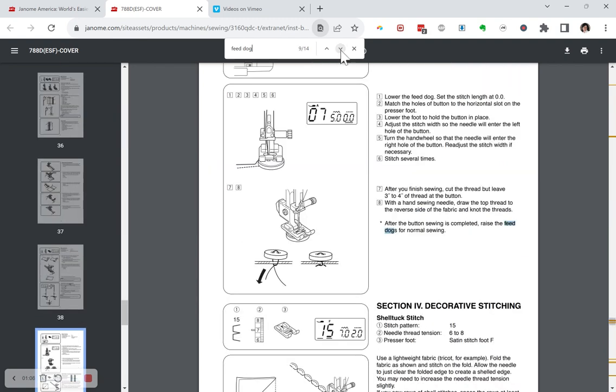And that is a quick and easy way to search for something in your manual. So there's no excuse not to use it anymore. Right? Ok? Whatever you need.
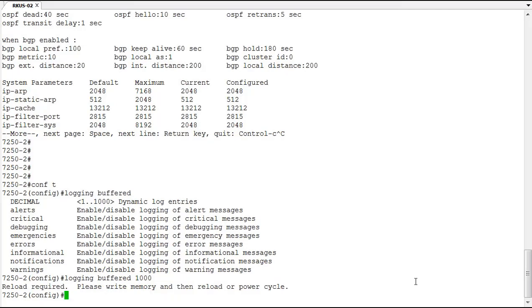And now notice here that it says a reload is required. So this is kind of like resetting default values or maximum values in a switch. So for this to happen we have to do a write memory and then we have to reload or power cycle the switch for this change to take effect.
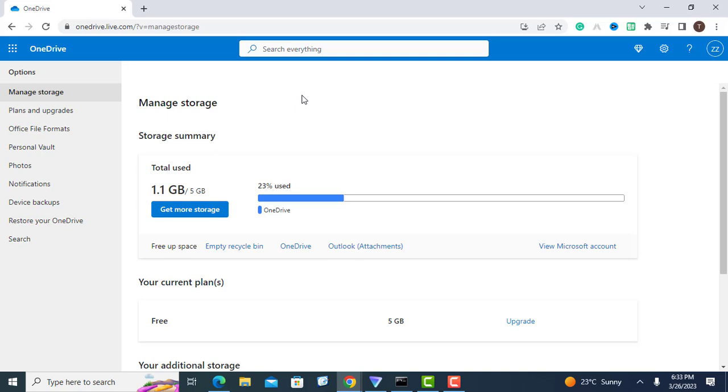That's it! Checking your OneDrive storage limit is a quick and easy process. By following these steps, you can keep track of your storage space and make sure you don't run out of storage.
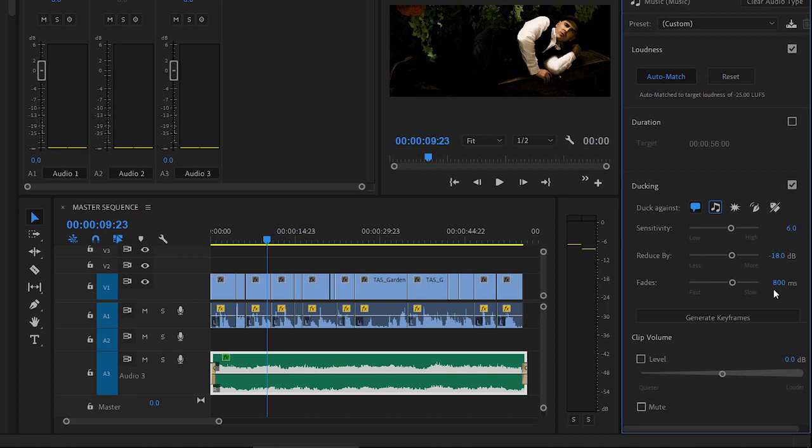And they're measured in milliseconds, so there are 1000 milliseconds in a second. 800 means it'll take just a little under a second to get louder and quieter.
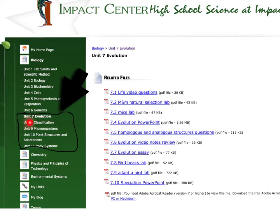First section: Evolution. You're going to want to click on any files that say Notes or PowerPoint. Go over the Evolution PowerPoint and also click on the Evolution Notes Review. When you open those up, you'll see the notes you'll need for your test.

··········

The task: The job is to return the listing above exactly, minus its pictures.

Answer to this task:
And that is a quick and easy way to search for something in your manual. So there's no excuse not to use it anymore. Right? Ok? Whatever you need.
And now notice here that it says a reload is required. So this is kind of like resetting default values or maximum values in a switch. So for this to happen we have to do a write memory and then we have to reload or power cycle the switch for this change to take effect.
That's it! Checking your OneDrive storage limit is a quick and easy process. By following these steps, you can keep track of your storage space and make sure you don't run out of storage.
And they're measured in milliseconds, so there are 1000 milliseconds in a second. 800 means it'll take just a little under a second to get louder and quieter.
First section: Evolution. You're going to want to click on any files that say Notes or PowerPoint. Go over the Evolution PowerPoint and also click on the Evolution Notes Review. When you open those up, you'll see the notes you'll need for your test.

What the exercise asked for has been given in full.